* Task requirements:
Would you return exactly the lines below from the line with "Grey Yellow Pure Uppada Saree" through the line with "Classic Rolled Sleeve T-Shirt.", both included, and nothing else, leaving out the pictures?

* Data shown:
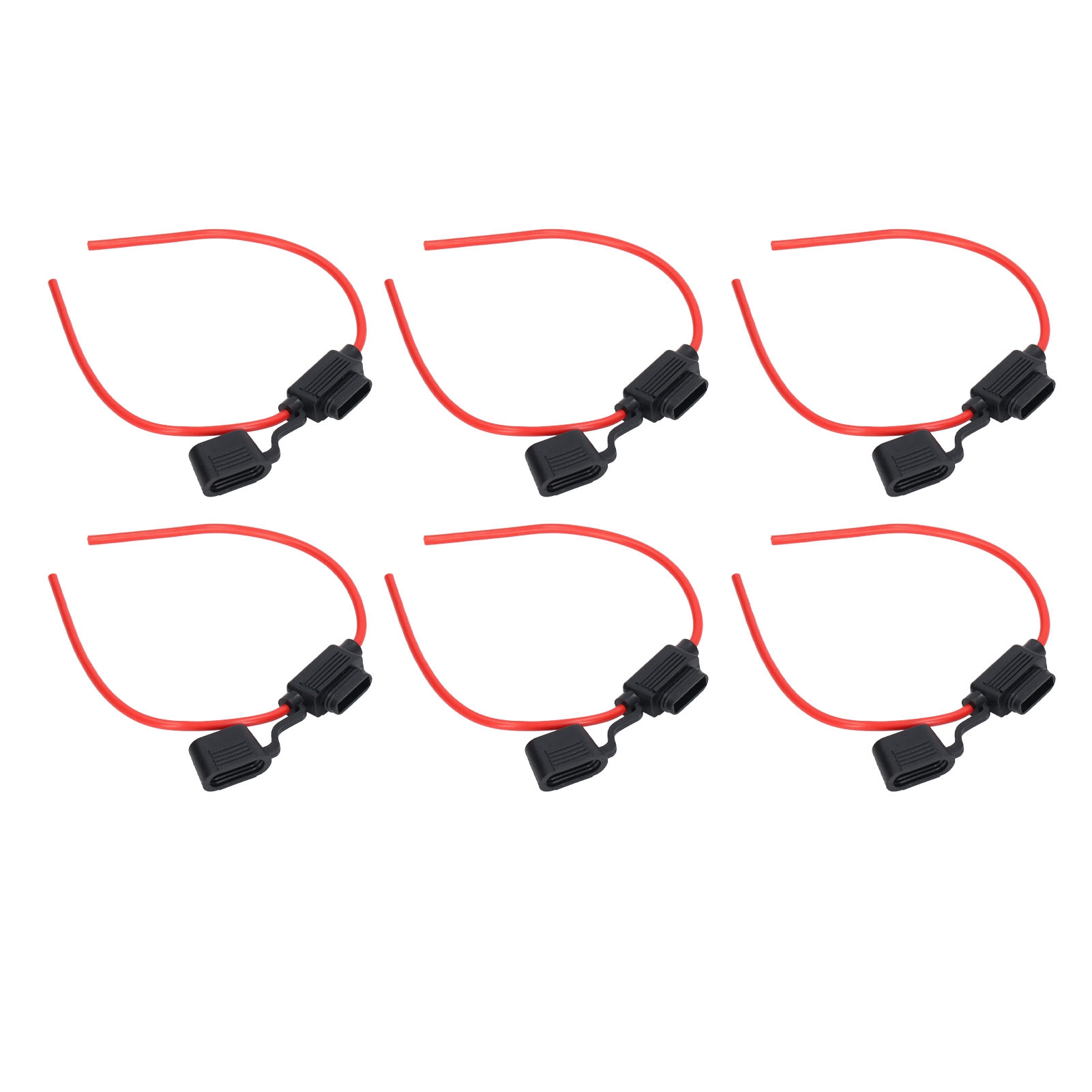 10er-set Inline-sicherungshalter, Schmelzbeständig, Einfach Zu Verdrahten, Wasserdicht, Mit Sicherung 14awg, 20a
--
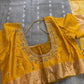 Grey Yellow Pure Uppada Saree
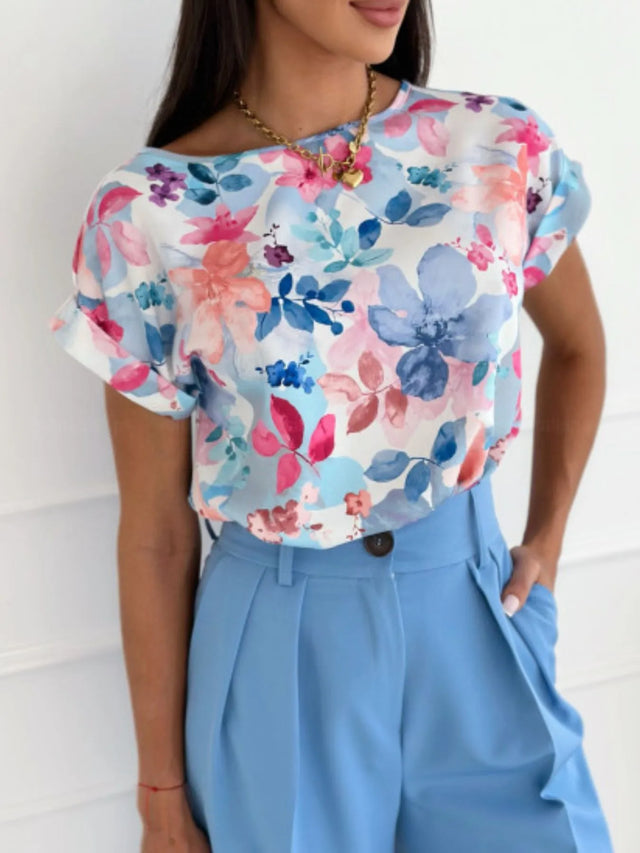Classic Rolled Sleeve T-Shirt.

* Problem solution:
 Grey Yellow Pure Uppada Saree
Classic Rolled Sleeve T-Shirt.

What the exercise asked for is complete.